Container for array with missing data

Often some of the data in an array is missing. For real data you can represent the missing data as NaN, although missing and NaN are distinct concepts. For arrays of other types NaN is not available. Would it be possible to create a container representing a multidimensional array of any type along with a logical array of the same shape signifying where data is present? Functions such as sum, product, minloc etc. would be defined appropriately. Maybe this could become part of stdlib?

There are derived types to store sparse matrices, but I am interested in the case where only a small fraction of the data is missing, so that storing the full array of data and a parallel logical array is convenient.

In a Python pandas dataframe, a column of floats can have NaNs to represent missing data, but for columns of integers the user must designate and keep track of a sentinel value representing missing data. It would be nice if Fortran had a mature dataframe derived type. A dataframe with missing data could be represented as a collection of arrays with missing data if a container for such arrays existed.

1 Like

Will it make sense to expand the use of .nil. to include missing values in Fortran? It can simply represent that the value is missing. I think it’s current usage is only the ternary operator.

When working with the met office historic data (Historic station data - Met Office) we treated the integer data as real and used nans throughout. The other option is to use flag values. This is what statistical pacakges we’ve used do. choose a value (-99 or -999) that can’t occur in the data and program round it.

As a follow up support for the SQL null would be nice, but I don’t know many langauges that offer support for null, other than standard SQL.

Maybe your “data missing” array could be sparse.

Isn’t this already supported by the optional mask input of these intrinsic functions?

DBNull is a convenient value to signify the absence of data. The whole .NET family of langages support it. Alternatively you can also use nullable values. This means that all types, including intrinsic types can be set to null/Nothing. You can mimic nullables in Fortran using allocatable scalars but you may sacrifice performance.
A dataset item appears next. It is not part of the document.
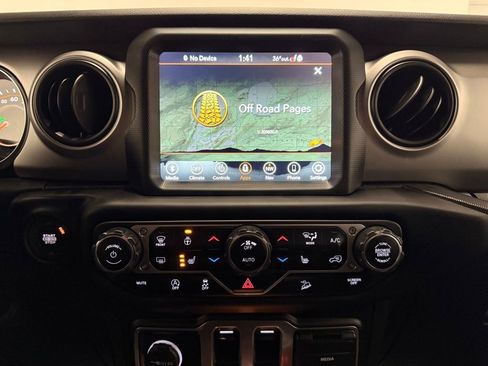 Used 2021 Jeep Wrangler Sport image 27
An idea could be to create a sort of data frame type with a sqlite3 backend. Since database can be created in memory there should not be any data access issues. And standard functions like sum and others also exists im SQLite,

Indeed, this technique has been used for ages. Associate a logical array with your data array. Then set the array elements to indicate which of the data values are valid or invalid. The Fortran WHERE statement and construct can be used to only compute valid results. And as mentioned, a number of intrinsics accept a mask argument for the same reason.

You’d probably want to set the logical kind value to use one-byte logicals to save space. This would also be an ideal use of a bit data type - if one were available in Fortran. (A few Fortran compilers in the distant past have had a bit data type for this very purpose. Notably the CDC compilers for the STAR-100/CYBER-203/CYBER-205 of the 1970s and early 1980s. Those machines supported bit vectors as optional “control vectors” for many of their hardware vector operations. In fact, this is one of the places where the WHERE construct came from.)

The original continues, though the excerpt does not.